[Stored entries]
##############################

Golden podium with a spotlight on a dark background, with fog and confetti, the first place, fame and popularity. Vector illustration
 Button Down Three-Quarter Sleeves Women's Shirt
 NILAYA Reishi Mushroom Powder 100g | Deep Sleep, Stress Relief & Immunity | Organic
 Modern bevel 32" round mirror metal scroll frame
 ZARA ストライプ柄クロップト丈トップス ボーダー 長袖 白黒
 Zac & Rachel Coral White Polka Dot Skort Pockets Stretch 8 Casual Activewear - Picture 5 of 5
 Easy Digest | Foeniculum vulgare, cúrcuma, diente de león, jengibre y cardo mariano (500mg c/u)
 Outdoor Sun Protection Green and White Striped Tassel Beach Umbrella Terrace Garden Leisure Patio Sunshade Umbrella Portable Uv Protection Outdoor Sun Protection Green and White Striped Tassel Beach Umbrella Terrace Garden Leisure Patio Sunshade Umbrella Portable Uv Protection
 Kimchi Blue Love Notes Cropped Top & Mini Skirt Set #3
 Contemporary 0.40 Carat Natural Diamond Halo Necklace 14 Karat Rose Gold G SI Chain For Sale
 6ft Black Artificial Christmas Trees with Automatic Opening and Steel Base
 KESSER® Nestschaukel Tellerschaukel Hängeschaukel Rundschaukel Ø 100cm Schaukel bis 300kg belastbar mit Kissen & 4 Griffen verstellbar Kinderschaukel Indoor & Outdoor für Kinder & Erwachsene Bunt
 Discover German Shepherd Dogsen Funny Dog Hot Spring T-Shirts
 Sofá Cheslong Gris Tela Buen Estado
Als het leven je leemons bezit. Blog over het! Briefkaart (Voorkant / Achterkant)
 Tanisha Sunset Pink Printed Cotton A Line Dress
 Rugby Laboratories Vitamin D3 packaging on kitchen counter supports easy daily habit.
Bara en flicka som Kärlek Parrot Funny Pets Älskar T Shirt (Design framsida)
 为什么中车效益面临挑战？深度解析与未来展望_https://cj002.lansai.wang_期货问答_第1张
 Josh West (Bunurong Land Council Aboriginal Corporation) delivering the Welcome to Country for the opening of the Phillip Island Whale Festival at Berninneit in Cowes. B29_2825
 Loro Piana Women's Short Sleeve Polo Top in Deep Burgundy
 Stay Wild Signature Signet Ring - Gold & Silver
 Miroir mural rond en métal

##############################

Task goal: Filter the data above by the word "Deep" and copy every line that matches.

Result for this task:
 NILAYA Reishi Mushroom Powder 100g | Deep Sleep, Stress Relief & Immunity | Organic
 Loro Piana Women's Short Sleeve Polo Top in Deep Burgundy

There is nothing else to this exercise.